WGOP (540 AM) was a commercial radio station licensed to Pocomoke City, Maryland, United States, that aired a classic hits format. It was owned by The Waters Group, LLC, and was also broadcast over low-power translator W293DN.

WGOP began broadcasting as WDVM on August 1, 1955, changing to WDMV in 1959. The station was a Top 40 outlet until switching to country music in 1980. In later years, it offered oldies music and sports talk programming. On August 18, 2022, the station was destroyed in an accidental fire; it was sold a year later. It briefly returned before leaving the air. Its broadcast license was canceled in 2026.

==History==
On January 19, 1955, the Federal Communications Commission (FCC) approved an application for a new 500-watt, daytime-only radio station on 540 kHz in Pocomoke City, Maryland, by G. Russell Chambers, trading as Eastern Shore Broadcasting Company. WDVM began to air on August 1 and was the second radio station on the Lower Eastern Shore. It was allowed to begin 1,000-watt broadcasting in 1957 but forfeited the authorization. The call sign was changed from WDVM to WDMV in 1959, after it was purchased by Ernest Tannen. An additional facility in Salisbury was added in 1962.

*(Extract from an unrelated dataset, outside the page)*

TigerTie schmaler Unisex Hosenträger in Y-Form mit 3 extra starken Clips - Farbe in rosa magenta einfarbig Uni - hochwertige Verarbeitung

Tannen sold his radio holdings, which included WDMV and stations in Annapolis and Chester, Pennsylvania, in the 1970s to devote himself to other ventures. Leisure Time Communications acquired WDMV in 1973, followed by Mesta Communications in 1978. It switched from Top 40 to country music in 1980.

WDMV was silent for several years in the mid-1990s. The station used the WDMV call letters up until July 1, 2004, when it exchanged call signs with 700 kHz in Walkersville, Maryland, to become WGOP.

In April 2015, WGOP switched formats from oldies to sports talk, branded as SportsRadio 540. Later the format changed to classic country music and then back to oldies; it continued to air sports play-by-play, including Baltimore Orioles baseball.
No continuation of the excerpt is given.